Él mismo recordaría, durante una entrevista con la nacion, en 2007, que su carrera en los medios gráficos -Fortune, Life, Look y Harper’s Bazaar, por citar algunos- no tuvo mayor trascendencia. Él era intransigente en cuanto al contexto en que se publicaban sus fotos. Y sobre todo quería escribir sus propios epígrafes. Era consciente del enorme valor de la palabra para otorgar sentido a cualquier imagen.
Cuando se hizo famoso, sin previo aviso, abandonó la fotografía profesional para dedicarse al cine documental, donde tampoco haría grandes progresos materiales, circunstancia que, junto a su proverbial malhumor, iba alimentando el mito de artista rebelde.

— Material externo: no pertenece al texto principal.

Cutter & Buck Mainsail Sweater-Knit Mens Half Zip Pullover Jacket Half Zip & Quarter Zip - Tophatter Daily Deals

Con todo, Frank cambió el curso de la fotografía mundial como arte contemporáneo e influenció, así, a varias generaciones de fotógrafos y artistas visuales.

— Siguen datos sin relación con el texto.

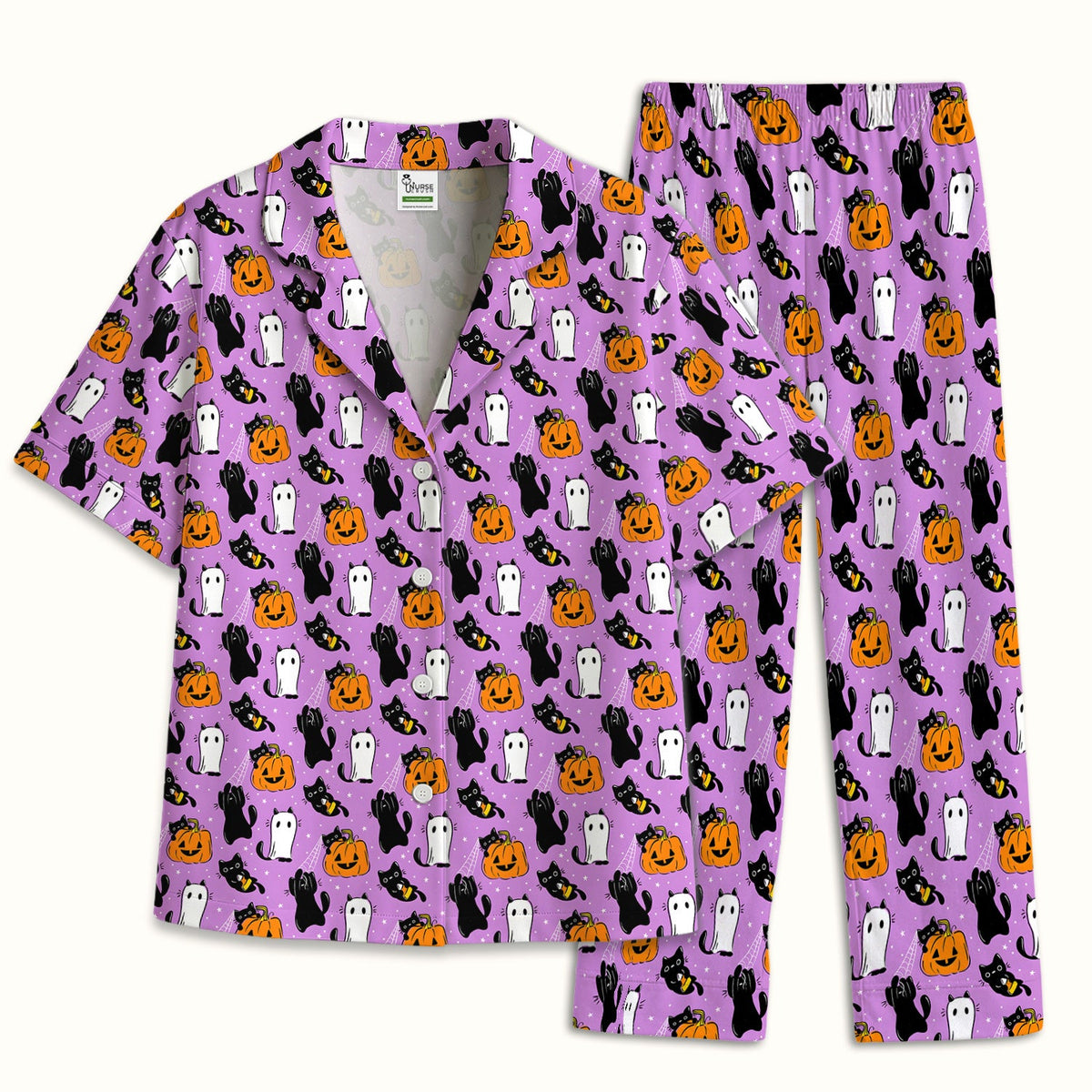 Purple Halloween Black Cat Pajama Set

Su amistad con Jack Kerouac y Allen Ginsberg lo introdujo en el fenómeno beatnik a principios de los años 60. Su film Pull My Daisy (codirigido con Alfred Leslie en 1959) fue una vertiginosa improvisación en su loft del Bowery que hoy es uno de los mayores íconos de la cultura beat de la época.

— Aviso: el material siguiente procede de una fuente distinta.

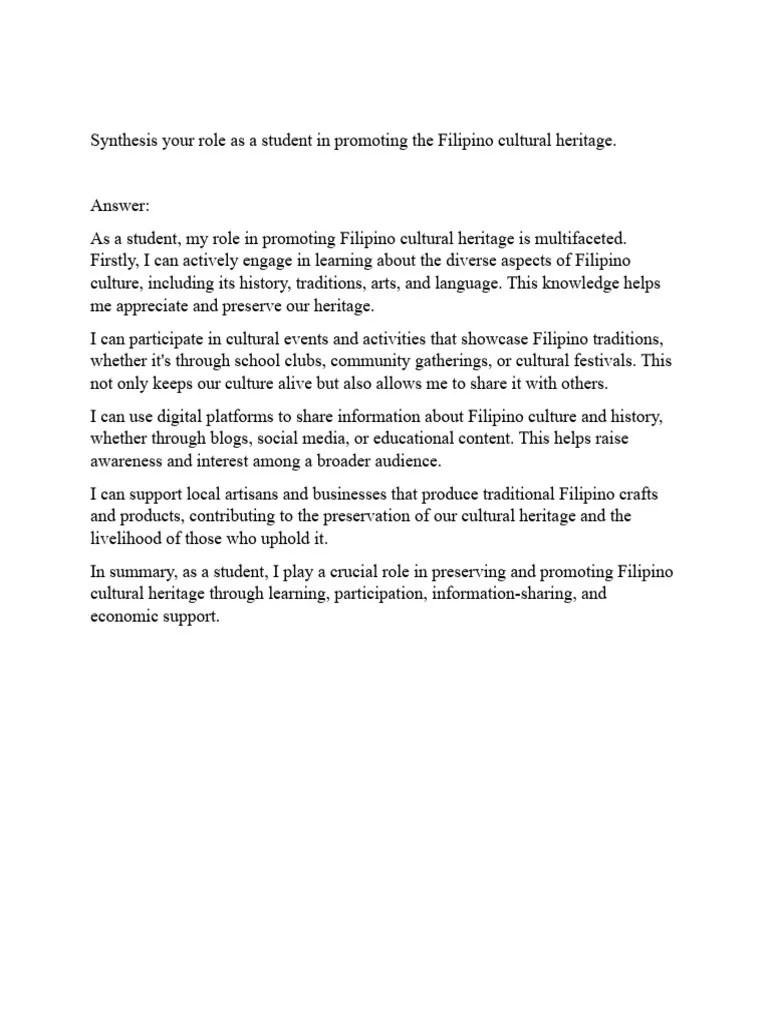 Synthesis your role as a student in promoting the Filipino cultural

En 1972 fue contratado por los Rolling Stones para realizar un documental sobre la banda durante su tour por Estados Unidos. Frank, como un camarógrafo invisible, registró los excesos, el consumo de drogas y el sexo descontrolado del grupo, lo que valió una disputa judicial que impidió el estreno de la película y que culminó con un extraño arreglo por el cual el film únicamente podía ser exhibido cinco veces al año en los Estados Unidos y en presencia suya.
En 1971, ya divorciado de su primera esposa, la artista Mary Lockspeiser, se casó con la escultora June Leaf, que influyó notablemente en su producción artística. El collage y la intervención directa sobre sus fotos mediante la escritura modificaron el repertorio visual de Frank, que ya se insinuaba autobiográfico y profundamente pesimista.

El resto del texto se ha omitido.